Off the top of my head, first I think of Mona Simpson’s Anywhere but Here (1986), about a girl growing up as the confidante and caretaker of her reckless, volatile, romantic (and more than slightly crazy) single mother. Simpson published a chapter with the Review. You can read it here. Second, I think of Annie John, by Jamaica Kincaid—about a girl’s painful individuation from the mother she adores. Third, I think of Swann’s Way: it’s not mother-daughter, but it is a novel—about love and sex and art and everything else—that begins with the pain of having to share one’s mother. And my colleague Julia Berick—who came to the Review by way of our neighborhood bookstore, 192 Books—recommends How to Be Both, by Ali Smith, in which the grown heroine has to face up to her mother’s extramarital crush.

She adds one more: “Agostino, by Alberto Moravia, is a tiny, perfect sketch of the birth and death of a boy’s comprehension of his mother’s sexuality. As soon as he realizes, its existence it is lost to him. But, in seeing his mother’s sexual adulthood, he begins to approach his own. (And, of course, it’s Italian.)”

*

Dear Paris Review,

Wedding season is almost over except that, for a twenty-eight-year-old, it is just beginning. I admit to having beyond my fair share of wedding angst, and rereading Cassandra at the Wedding seems not be helping. What can I pack, among the dry-cleaning bags that will change my whiskey-sour disposition to a bubbly mood?

Yours,
A Guest

 

Dear Guest,

For those who are scratching their heads, Cassandra at the Wedding is a novel by Dorothy Baker, first published in 1962, about a young woman going home to California for her twin sister’s wedding. Long a cult classic, it was reissued five years ago by New York Review Classics and has since achieved something like Stoner status. That is, it’s quietly become a book that lots of people love—without ever having had (or needed) a “moment” or some big revival. Just the fate you’d wish for a favorite book. And, clearly, it is a favorite with readers of the Daily.

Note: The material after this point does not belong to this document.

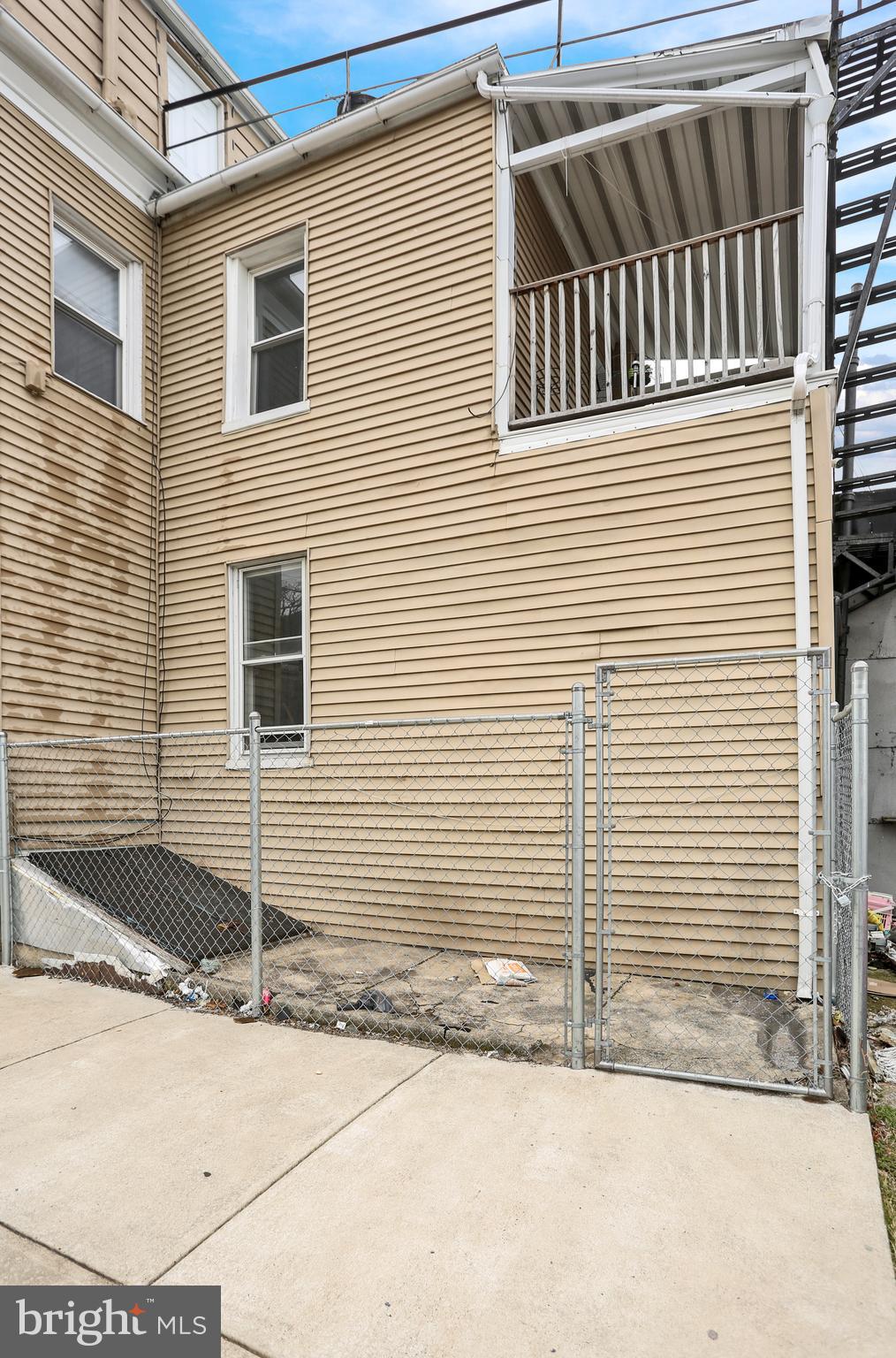 1263 Spring Street Reading, PA 19604 - Photo 4 of 32 Gallery Image 4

But to your question, there is a very funny wedding story in Matt Klam’s one story collection, “Sam the Cat.” (It’s a very funny book all around.) And maybe it goes without saying, but either of you Cassandra fans ought to read The Member of the Wedding, Carson McCullers’s 1946 masterpiece, about a lonely twelve-year-old girl watching her older sister get married. It is a classic of matrimonial alienation and generally feeling left out.